Survey the array of cases about same-sex marriage that could be on their way to the Supreme Court, and you can see three sides in this legal war. There are the opponents of legalizing gay marriage—they’re easy to identify. There are the supporters who are long-time gay rights lawyers and advocates—also clear. And then there are David Boies and Ted Olson, the superstar odd-couple pair who swooped in with a dazzling victory in their challenge to Proposition 8, California’s referendum banning gay marriage.
Boies and Olson have the same goal as the gay rights community: equal marriage rights for all, across the country. But their strategy has been very different—both bolder and more foolhardy. At trial, and then in defending their victory on appeal, they went for the whole megillah: a broad ruling that marriage is a fundamental constitutional right for everyone, full stop, right now. This has the appealing, but demanding, ring of clarity. It requires the courts to take giant steps rather than small ones—which is often not what they do well.

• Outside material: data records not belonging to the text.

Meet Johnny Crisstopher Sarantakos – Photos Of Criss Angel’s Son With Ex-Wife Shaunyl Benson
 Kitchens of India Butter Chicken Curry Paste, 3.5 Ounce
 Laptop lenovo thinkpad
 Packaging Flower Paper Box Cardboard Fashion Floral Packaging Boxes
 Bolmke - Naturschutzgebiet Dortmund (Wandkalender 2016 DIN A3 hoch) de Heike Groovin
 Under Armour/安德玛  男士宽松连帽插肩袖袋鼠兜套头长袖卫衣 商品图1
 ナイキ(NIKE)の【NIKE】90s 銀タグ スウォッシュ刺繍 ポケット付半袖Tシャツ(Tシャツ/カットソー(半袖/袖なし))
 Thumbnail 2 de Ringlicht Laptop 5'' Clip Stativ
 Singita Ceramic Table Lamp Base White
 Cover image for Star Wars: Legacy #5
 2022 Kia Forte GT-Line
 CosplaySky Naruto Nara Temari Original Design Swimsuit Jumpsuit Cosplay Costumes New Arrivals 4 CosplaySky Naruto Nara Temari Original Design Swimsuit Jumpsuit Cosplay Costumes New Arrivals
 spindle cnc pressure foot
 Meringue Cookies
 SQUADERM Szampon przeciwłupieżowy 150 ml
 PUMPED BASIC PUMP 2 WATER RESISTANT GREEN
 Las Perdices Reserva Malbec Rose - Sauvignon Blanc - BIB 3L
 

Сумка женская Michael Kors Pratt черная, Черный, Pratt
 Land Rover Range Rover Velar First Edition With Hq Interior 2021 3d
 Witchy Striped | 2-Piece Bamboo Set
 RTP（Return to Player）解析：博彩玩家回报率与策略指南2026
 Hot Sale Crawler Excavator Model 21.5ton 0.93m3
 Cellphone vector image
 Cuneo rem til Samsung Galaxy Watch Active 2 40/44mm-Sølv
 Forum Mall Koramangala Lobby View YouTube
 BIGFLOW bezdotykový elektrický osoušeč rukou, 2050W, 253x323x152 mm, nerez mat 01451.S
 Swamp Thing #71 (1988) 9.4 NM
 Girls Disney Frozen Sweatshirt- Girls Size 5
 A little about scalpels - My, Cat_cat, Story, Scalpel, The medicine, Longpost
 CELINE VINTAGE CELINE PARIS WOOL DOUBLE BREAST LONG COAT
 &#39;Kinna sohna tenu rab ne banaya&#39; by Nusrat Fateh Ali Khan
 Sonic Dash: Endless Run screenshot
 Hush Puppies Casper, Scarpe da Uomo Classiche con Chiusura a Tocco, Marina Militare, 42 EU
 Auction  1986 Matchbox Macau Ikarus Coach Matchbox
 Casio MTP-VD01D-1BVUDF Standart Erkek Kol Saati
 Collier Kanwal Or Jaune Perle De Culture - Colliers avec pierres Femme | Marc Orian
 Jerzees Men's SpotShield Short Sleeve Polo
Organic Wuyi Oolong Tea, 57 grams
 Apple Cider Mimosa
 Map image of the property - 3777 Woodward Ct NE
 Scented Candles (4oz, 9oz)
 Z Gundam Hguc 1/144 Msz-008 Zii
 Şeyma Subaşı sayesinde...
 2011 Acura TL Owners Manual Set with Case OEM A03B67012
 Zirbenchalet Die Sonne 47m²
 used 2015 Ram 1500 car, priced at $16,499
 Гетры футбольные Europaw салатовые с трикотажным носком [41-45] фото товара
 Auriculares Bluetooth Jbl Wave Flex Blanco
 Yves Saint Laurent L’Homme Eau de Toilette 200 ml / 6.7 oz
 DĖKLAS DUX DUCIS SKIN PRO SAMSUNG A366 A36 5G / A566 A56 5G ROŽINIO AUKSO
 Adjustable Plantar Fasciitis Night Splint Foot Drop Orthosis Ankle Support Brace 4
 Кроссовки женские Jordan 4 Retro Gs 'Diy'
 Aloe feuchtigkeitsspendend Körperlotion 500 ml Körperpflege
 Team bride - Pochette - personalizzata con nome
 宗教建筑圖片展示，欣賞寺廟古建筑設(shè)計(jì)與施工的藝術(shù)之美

The gay rights lawyers, by contrast, have carefully gone for less now in hopes of winning more later. In a half-dozen cases, they have successfully sued on behalf of gay couples who got married where state law allows them to but cannot receive federal benefits, like pensions, that go to other married couples because they’re blocked by the Defense of Marriage Act. That’s the law Congress passed in 1996 to define marriage as the union of a man and a woman for federal purposes. It’s the reason why states that don’t recognize gay marriage don’t have to honor the weddings conducted in states that do.
Now the Supreme Court has a choice. As early as next week, the justices could agree to hear one of the more cautious DOMA challenges in states that include Massachusetts, Connecticut, and New York. The Obama administration is on board for these cases. But the court could go for broke and take Hollingsworth v. Perry, the California Prop 8 case. (The court could also do nothing, though given the number of percolating challenges that seems unlikely—Justice Ruth Bader Ginsburg suggested this week that it was likely the court would make a move.)
So, what should the justices do? They should take the step-by-step path. It’s better for the future of gay marriage and wiser Supreme Court practice.
Prop 8 supporters are jumping up and down to convince the court otherwise. They lost at trial and on appeal to the U.S. Court of Appeals for the 9th Circuit, so they have the most to gain from Supreme Court review. Their petition to the high court is full of doom and gloom: “The 9th Circuit’s sweeping dismissal of the important societal interests served the traditional definition of marriage is tantamount to a judicial death sentence for traditional marriage laws throughout this Circuit.”